Anyway, enough of my preaching. Here’s some random photos of me hanging out with people because life is good:

Random Tweet Selection from Wednesday

Next: The Fest Begins!

And if you see me or my wife around the festival, you can ask for a free pin from one of us! She’ll have The Merry Widow, I’ll have Girls About Town, and if you back me on Patreon, you’ll get the Scarface one.

If you’re interested in following more of my up-to-the-minute coverage of this year’s TCMFF, follow along on my Twitter feed, @PreCodeDotCom. And, if you want some exclusive content and pictures, consider joining my Patreon for just $1 a month! This currently includes Mike Kaplan talking about the Red Headed Woman and What Price Hollywood? posters, as well as Hollywood Heritage President Richard Adkins talking about the history of the museum and Hollywood.

5 Replies to “Pre-TCMFF 2018: “Preservation without access is pointless.””

  1. Danny… It’s Billy Barty, not Barry. Regardless, you do it so well. Thank you for each step of the way.

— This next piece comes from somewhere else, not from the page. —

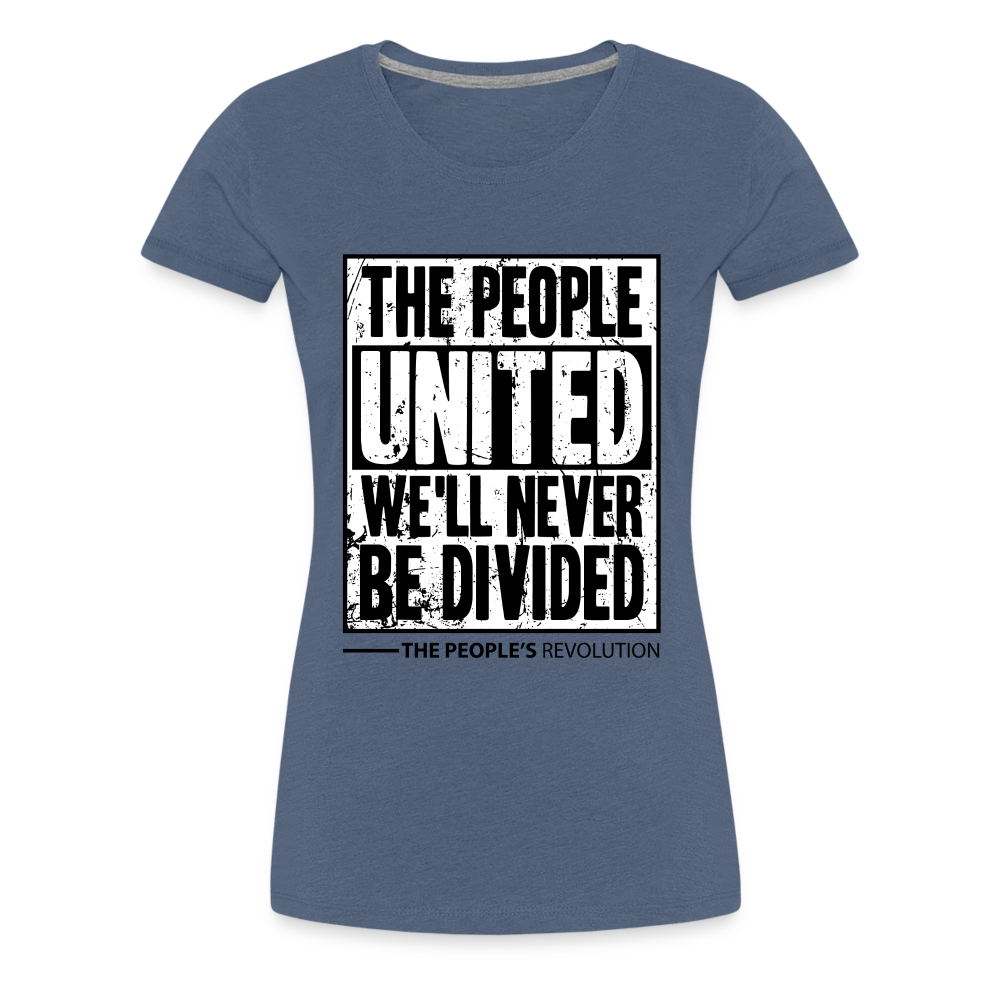 Women’s Premium Tee - The People, UNITED, We'll Never Be Divided - heather blue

Wish I was there but no longer in this lifetime. Maybe next. Say hello to the shadows of Gary Cooper and Ingrid Bergman for me.

  2. I always look forward to reading your TCMFF blog posts every year 🙂 Dude, those film posters look incredible – especially the Red Headed Woman one! Jesus …

  3. I like how you are organizing your posts this year, makes them so easy to browse. And uh, thanks for sharing my tweet with the typo. I guess it’s the sentiment that counts?